Deficiências – No Rio de Janeiro, nos três hospitais de custódia e tratamento psiquiátrico existentes no estado, há 136 pacientes internados. Desses, 75 estão abrigados no Hospital Heitor Carrilho, pois não têm para onde ir. Apesar não haver superlotação, nem falta de vagas, a situação dos pacientes judiciários no Rio de Janeiro – assim como no resto do País – preocupa médicos, operadores do direito e gestores públicos. Faltam residências terapêuticas que absorvam os pacientes de longa duração e que já cumpriram medidas de segurança, assim como faltam equipes multidisciplinares que ajudem os juízes na aplicação da Lei n. 10.216.
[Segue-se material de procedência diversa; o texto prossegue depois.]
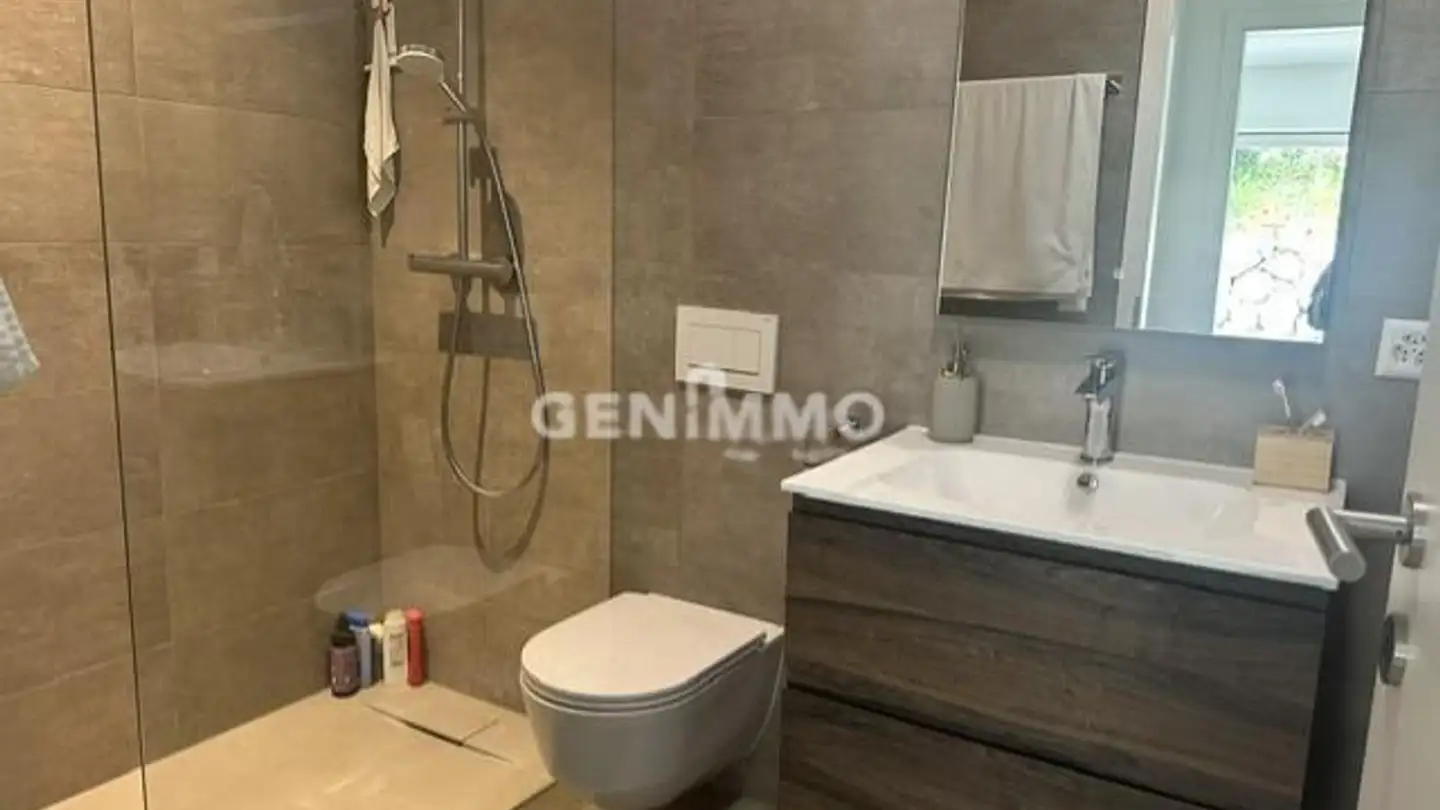 Appartement à louer - 1247 Anières - Photo 3
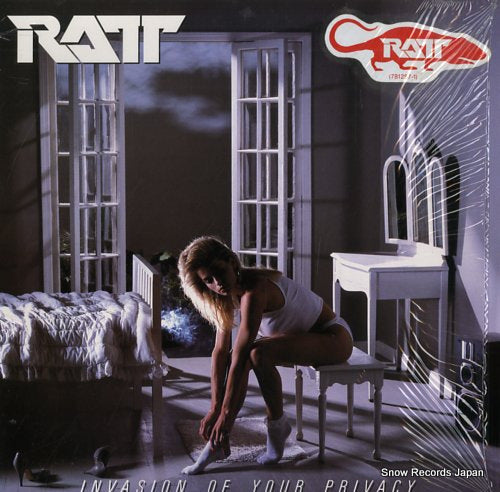 RATT invasion of your privacy 781257-1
“A verdade é que as medidas recomendadas pela Lei Antimanicomial não são aplicadas no Direito Penal”, afirmou a diretora de Pesquisa Judiciária do CNJ, Janaína Penalva da Silva.
Para o coordenador do Departamento de Monitoramento e Fiscalização do Sistema Carcerário e do Sistema de Execução de Medidas Socioeducativas (DMF/CNJ), juiz auxiliar da presidência Luciano Losekann, há grande desconhecimento por parte dos operadores de Direito sobre os princípios, as diretrizes e as determinações da Lei n. 10.216. “Até mesmo magistrados que lidam com processo penal e de execução penal desconhecem solenemente essa lei. E ela não é nova, é de 2001. Não ficaria surpreso se essas situações fossem denunciadas perante a Corte Interamericana”, afirmou Losekann.
Perfil – No Brasil, existem aproximadamente 4 mil pessoas internadas em 23 hospitais de custódia. Segundo o censo clínico, elaborado pela Secretaria de Administração do Sistema Carcerário do Rio de Janeiro, em 2007, o perfil dos pacientes judiciários internados é semelhante ao dos demais presos nas penitenciárias brasileiras. A maioria é formada por homens (80%), em média com 39 anos; solteiros (72%); psicóticos (61%). Em sua maior parte, foram aprisionados após cometerem homicídio (55%); 40% dessas mortes foram cometidas contra um parente de primeiro grau.
Para Janaína Penalva da Silva, é preciso que a Lei n. 10.216 seja respeitada e cumprida. “É preciso abraçar a Lei n. 10.216 como uma daquelas leis revolucionárias, como chama o presidente do CNJ, ministro Carlos Ayres Brito”, afirmou.
Além da aplicabilidade da lei, outro desafio citado entre os debatedores é o anteprojeto de lei de mudança de artigos do Código Penal, no que diz respeito ao prazo mínimo de internação de 1 a 3 anos, nos casos dos crimes cometidos por pessoas com transtornos mentais. Para a defensora pública da Vara de Execuções Penais do Rio de Janeiro, Sílvia Maria de Sequeira, esse tempo é desnecessário.
“Não é a lei que tem de definir o tempo de internação. É o médico que vai julgar o tempo e determinar o tratamento. Nem o juiz, nem a lei têm de decidir isso; é uma questão de saúde”, afirmou a defensora, durante palestra. No Rio de Janeiro os juízes não têm seguido o prazo mínimo, o artigo 178 da Lei de Execuções Penais (LEP), relativo ao cumprimento do exame de cessação.
Articulação – Ao final do seminário, Losekann defendeu a necessidade de maior articulação entre os participantes para que a realidade seja amplamente divulgada. “Se não observarmos e verbalizarmos o que não funciona, teremos retrocessos imensos nesse novo código penal”, disse. “Temos de sair daqui engajados nesse movimento de rever a situação desses 23 hospitais de custódia. No Acre, há 30 pacientes judiciários cumprindo medidas de segurança na própria penitenciária, local completamente inadequado. O Brasil tem de respeitar e cumprir a lei antimanicomial”, completou.